Banners not allocated correctly
Closed, ResolvedPublic2 Estimated Story Points
Actions

Description

We just experienced a weird bug with CentralNotice. This campaign was enabled and within its timeframe, and on the main campaigns list it was highlighted in green as active. Yet its banners were not showing to users and not listed on Special:BannerAllocation.

This persisted from about 1300 (when the campaign should have started) until 1334 UTC. Disabling and re-enabling the campaign had no effect, nor did removing and re-adding all the banners. What finally got it working was changing the priority from "high" to "emergency". Then on reducing it back down to "high" it continued to work as expected.

I can't recall this ever happening before.

Details

	Subject	Repo	Branch	Lines +/-
	Account for DB lag when refreshing cached ChoiceData	mediawiki/extensions/CentralNotice	master	+21 -4

Customize query in gerrit

Related Objects
Search...

		Status	Subtype	Assigned	Task
		Resolved		None	T145719 [Tracking] CentralNotice: Unexplained banner display failures
		Resolved		AndyRussG	T144393 Banners not allocated correctly

Event Timeline

Pcoombe created this task.Aug 31 2016, 2:05 PM

Restricted Application added a subscriber: Aklapper. · View Herald TranscriptAug 31 2016, 2:05 PM

• DStrine triaged this task as Unbreak Now! priority.Aug 31 2016, 4:15 PM

• DStrine added projects: Unplanned-Sprint-Work, Fundraising Sprint Pretending This Isn't Happening.
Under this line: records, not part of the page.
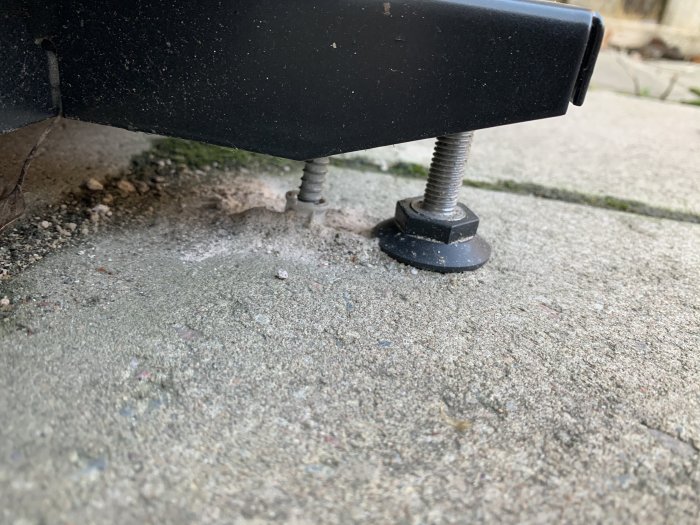 Närbild på vibrationsdämpare under utrustning, monterade på en betongplatta.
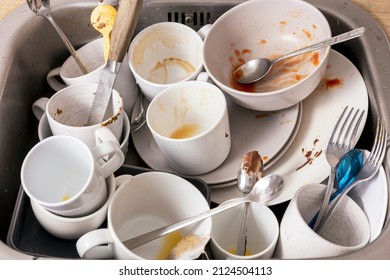 Pile of unwashed, dirty dishes in the sink. Mess in the kitchen. Dirty kitchenware, plates and mugs. Chaos at home. Laziness. Cluttered apartment. Messy cutlery and dishware.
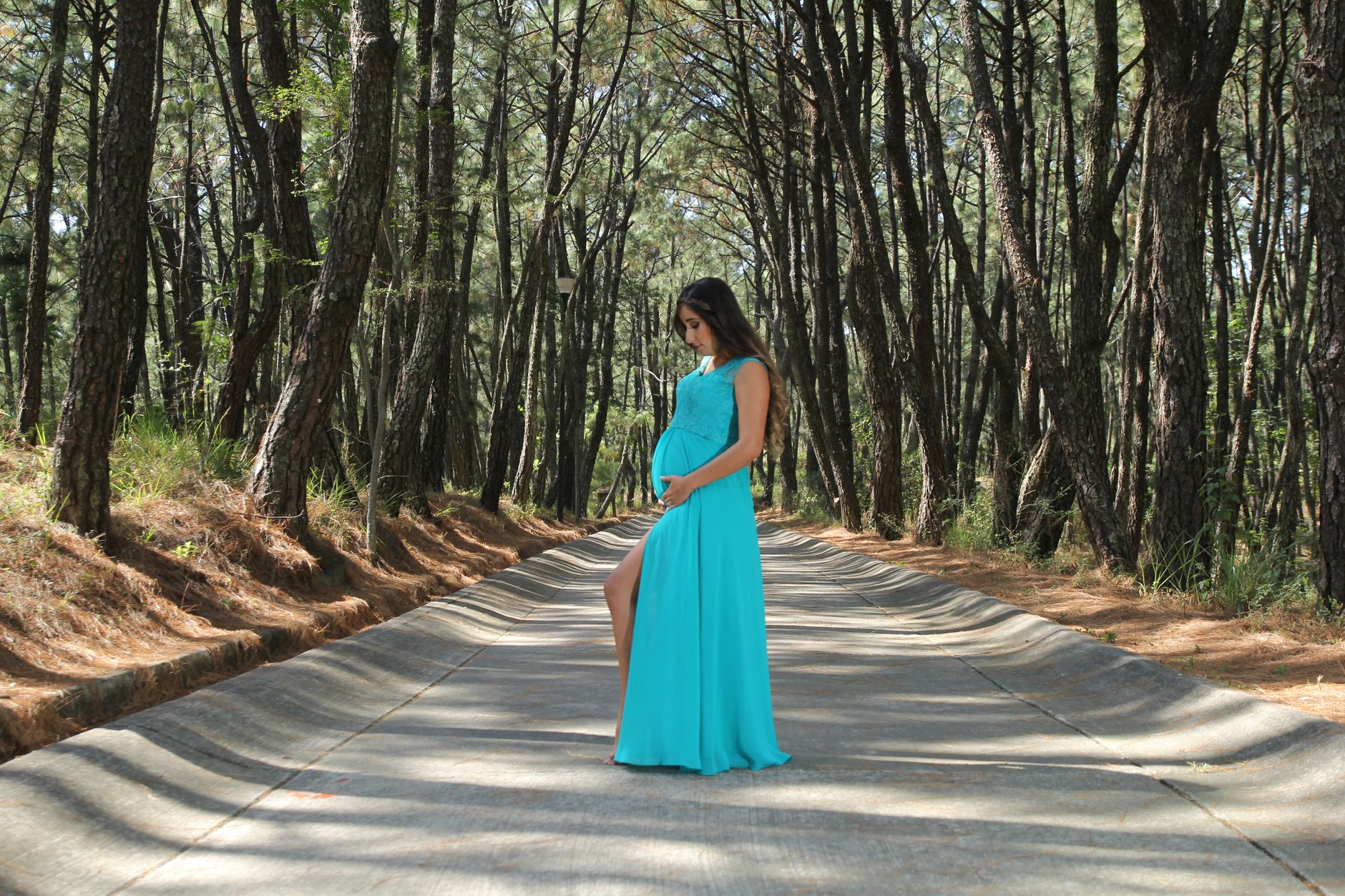 A pregnant woman sipping water while walking in a sunny park, illustrating gentle activity after a membrane sweep, warm natural light, soft focus background, photorealistic
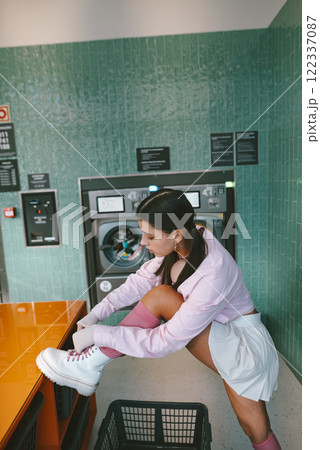 A young woman is tying her shoelaces in a chic and stylish laundry room environment 122337087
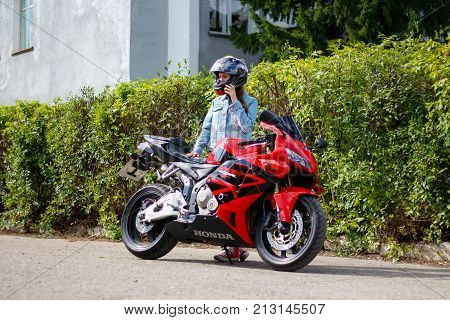 Krasnoyarsk, Russia - August 09, 2017: A Girl Motorcyclist Wearing A Helmet And Red Sport Bike Honda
Restricted Application added subscribers: Jay8g, Luke081515, TerraCodes. · View Herald TranscriptAug 31 2016, 4:15 PM

• DStrine lowered the priority of this task from Unbreak Now! to High.Aug 31 2016, 4:18 PM

• DStrine removed projects: Fundraising Sprint Pretending This Isn't Happening, Unplanned-Sprint-Work.

• DStrine moved this task from Triage to Sprint +1 on the Fundraising-Backlog board.

This doesn't look good. :( My first guess is a DB replication issue. Let's try to look at the campaign settings in the logs, and investigate if there were issues with DBs on the cluster...

Just spoke to @jcrespo (thanks!!!!) on IRC about possible DB replication lag on the cluster between 13:00 and 13:40 UTC today:

11:51 <jynus> AndyRussG, I do not see anything relevant; however, unless we have a major outage, replication lag should have nothing to do with those errors
11:52 <jynus> when there is lag, a server gets out of the load balancer
11:52 <jynus> and at most, you could get like issues for 10 seconds; not 30 minutes

K, I just inspected the CentralNotice campaign log tables, and I don't see anything out of the ordinary. I guess that eliminates a UI issue as the culprit.

Also, since the campaign was not showing up both in Special:BannerAllocation and in users' browsers, we can rule out a ResourceLoader caching issue, I think.

@Pcoombe, @spatton, when you opened Special:BannerAllocation, did you see any other campaigns that might have been incorrectly blotting out the FR campaign?

Here are some steps that I'd ask you to please take, if possible, if this happens again:

Ping on IRC.
On a language/project combination where a campaign is expected but doesn't show up, open developer tools, open the console, execute JSON.stringify(mw.centralNotice.choiceData), then copy and save the full output somewhere.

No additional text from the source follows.